As is the case with many objects in Chinese culture, shoes have a double meaning in the lexicon of art. A pair of shoes symbolizes the concept of “togetherness,” most often in the capacity of husband and wife. This is due to both a visual and linguistic pun. The two shoes together is a visual cue for things that obviously belong together and should not be broken apart; further the phrases for “together in harmony” and “children’s shoes” have very similar pronunciations in the Cantonese dialect. If you add a mirror to the assortment the double meaning makes a Chinese saying: “may husband and wife grow old together.”

By further extension, the concepts of “together” and “harmony” are synonyms in both Chinese and English. Buddhism is all about achieving a level of harmony in the universe such that you end suffering and enter a realm of tranquility. How appropriate then to leave shoes for a sleeping Buddha.

We have Sleeping Buddha quilts and stone shoes in stock in the store and ready to ship. Come in and see for yourself how vibrant, fun and soft these hand made quilts really are. We might be at the end of a hot summer but winter with its cold dark nights is coming. Liven up your bed set now to keep it feeling luxuriously warm. Matching pillows and shams are also available, just ask at the store.

Friday, August 17, 2007

The History of Blue & White Porcelain

The history of blue and white porcelain starts more than 3,000 years ago when the first porcelains appeared in China. It was during the Zhou dynasty (1027 – 771 BC) that Chinese craftsmen built the first kilns that could reach high enough temperatures to create what we now call porcelain.

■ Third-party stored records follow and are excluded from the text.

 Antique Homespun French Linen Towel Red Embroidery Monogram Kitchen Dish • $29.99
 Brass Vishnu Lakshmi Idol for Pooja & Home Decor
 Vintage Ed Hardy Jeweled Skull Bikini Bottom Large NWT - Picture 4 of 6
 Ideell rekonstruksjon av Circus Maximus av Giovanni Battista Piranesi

During the Tang dynasty (618 – 907) porcelain went into mass production but it took several hundred years more for the advent of the now classic blue and white styling. The earliest examples of blue and white porcelain are attributed to the Yuan dynasty (1271 – 1368). Artisans experimenting with different materials, such as iron, copper and cobalt, found that each created different colors when porcelains were fired in the kiln. The cobalt allowed for a vibrant blue color that gave a stark contrast to the white porcelain body and brought out stunning detail. Credit is given to the city of Jingdezhen, sometimes called China’s porcelain capital, for this important development.

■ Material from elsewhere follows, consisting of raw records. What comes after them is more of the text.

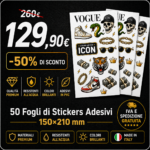 50 Fogli di Stickers Adesivi 150x210 mm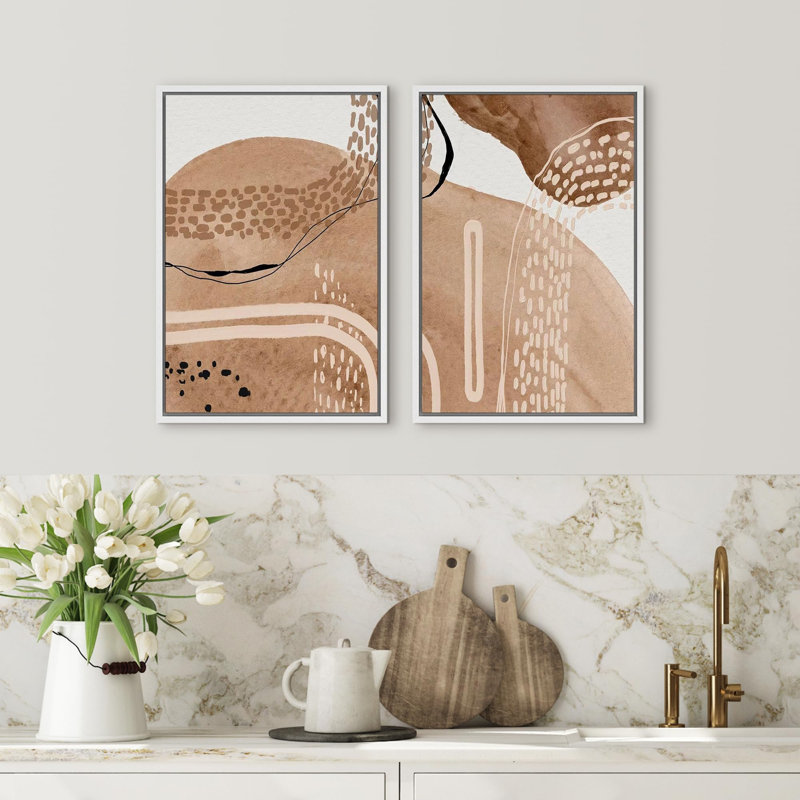 «Organic Abstracts Beige Abstracts with Modern Flair», art mural moderne, œuvre d'art, nature nordique, 2 pièces, Blanc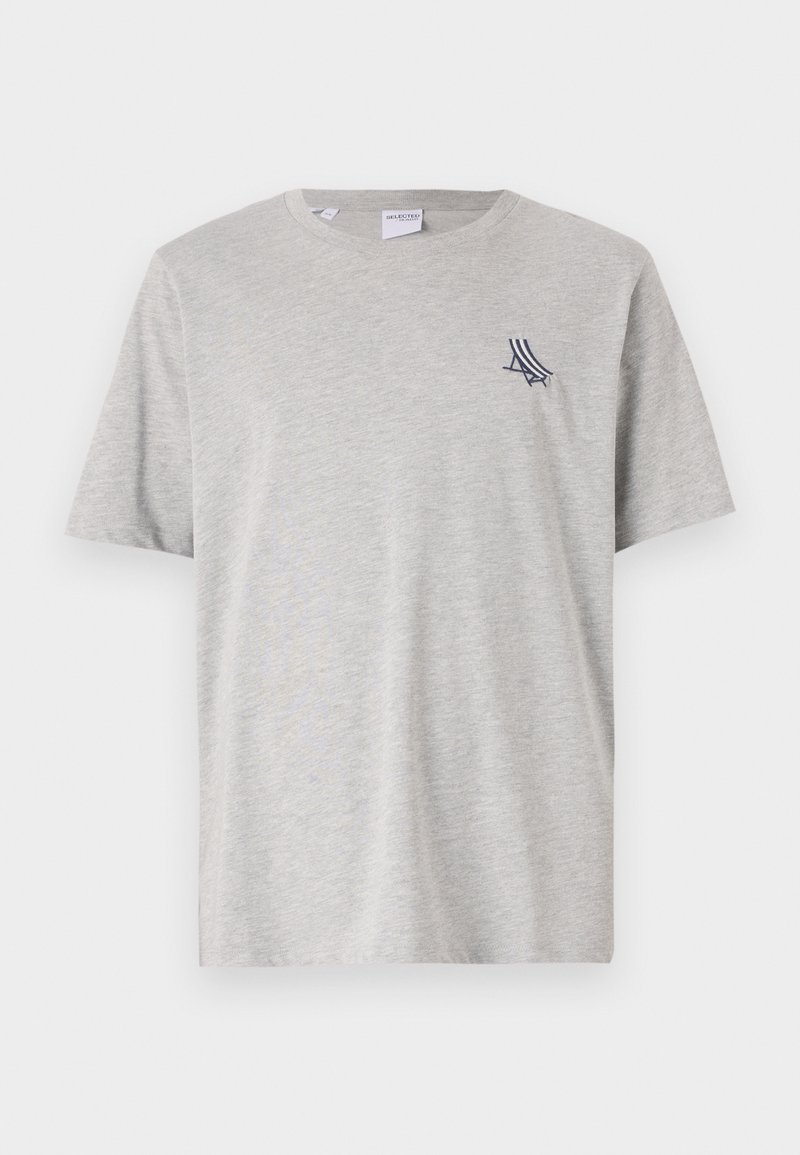 Selected Homme T-shirt basic lichtgrijs gemêleerd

Though at start of the Ming dynasty (1369 – 1644) trade outside China was forbidden, by the late 16th century blue and white porcelain had become a standard and was wildly popular in Europe. Trade ships waited for days in Chinese ports and brought back hundreds of thousands of blue and white porcelain items at a time. To this day collectors head to the Netherlands to find the finest examples of Ming era blue and white porcelain. In the 17th century the Dutch East India Company held a near monopoly on the sought after commodity.

The blue and white porcelain being made today throughout China has changed very little from the days of Ming emperor Kangxi. The biggest modern advancement is gas fired kilns and a “decaling” technique that eliminates the labor-intensive hand painting. Reorient hand picks our porcelain wares on our own buying trips to China. We work with smaller kilns that hand paint their blue and white porcelains, capturing the charm and tradition of this time honored art.